On the other hand, I enjoyed Robert Silverberg’s Caught In The Organ Draft, which takes the subject matter of Kuzuo Ishiguro’s dire, glurgy Never Let Me Go and actually places it in a plausible cultural milieu. Basically, young people can be ‘called up’ to donate organs to older citizens who need replacements. I’m not sure Caught In The Organ Draft is great literature – it’s a little expositiony and on-the-nose, admittedly – but it makes some fantastic, gut-wrenching points about how we already do this, to all intents and purposes, by encouraging our young men to go to war. In Caught In The Organ Draft, the poorest members of society lose out the most. I can’t help but feel that in Ishiguro’s ponderous, implausible novel, the real horror is supposed to be that… gasp! They’re exploiting… middle-class people! People who read books and like music and everything!

This collection also contains famous pieces like Philip K Dick’s Minority Report and Harlan Ellison’s ‘Repent, Harlequin!’ Said The Ticktockman, which I found to be two of the weakest stories of the lot. Seriously, Dick’s prose is bollocks. I was shocked. Ellison’s story smacks of a failed experiment – an author throwing up chaff and all sorts of twee linguistic trickery to disguise the tissue-thin story beneath.

If it sounds like I’m being crazy-harsh, I should say that overall I enjoyed reading this collection! I’d recommend it.
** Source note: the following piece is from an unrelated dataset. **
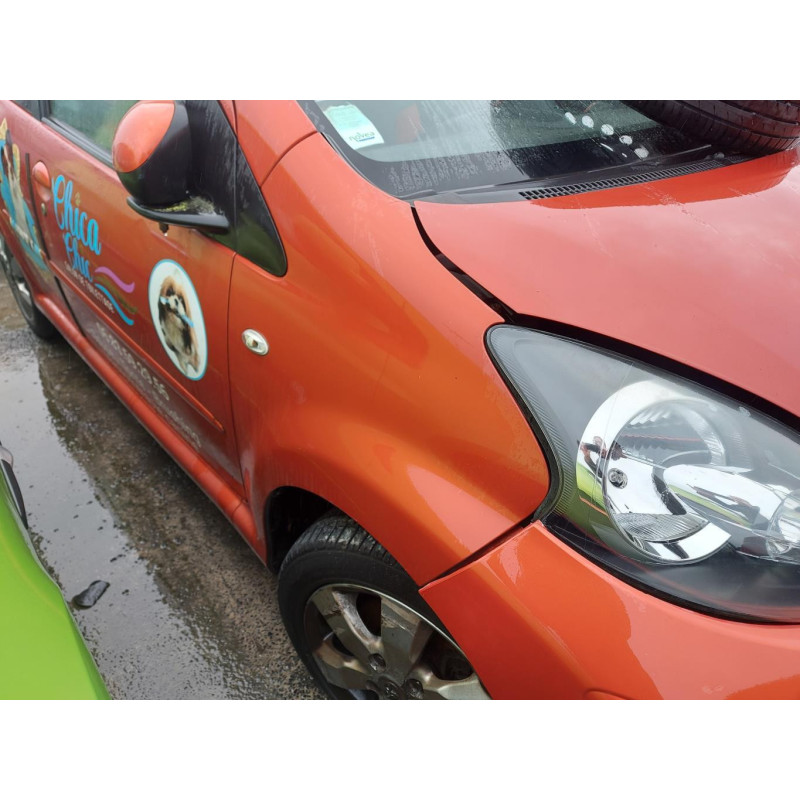 Jante TOYOTA AYGO 1 Photo n°6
You might like different stories to me – I liked Ursula K Le Guin’s The Ones Who Walk Away From Omelas, which makes a nice companion piece to Adam-Troy Castro’s Of A Sweet Slow Dance In The Wake Of Temporary DogsĀ (although the latter has a gratuitous gang-rape scene that I didn’t feel it earned). Geoff Ryman’s Dead Space For The Unexpected does a nice job of getting us to root for the wrong guy. Jordan’s Waterhammer by Joe Mastroianni is a beautiful outsider narrative about oppressed mine workers grappling with the forbidden concept of love. Paolo Bacigalupi’s Pop Squad is the standout piece, for me – a little derivative of Cordwainer Smith’s Instrumentality stories, perhaps, but the prose is so. Damn. Good. And the characters are convincing, and the world feels whole.

So anyway, if you feel like you’d enjoy a grab-bag of dreadful futures, pick up Brave New Worlds.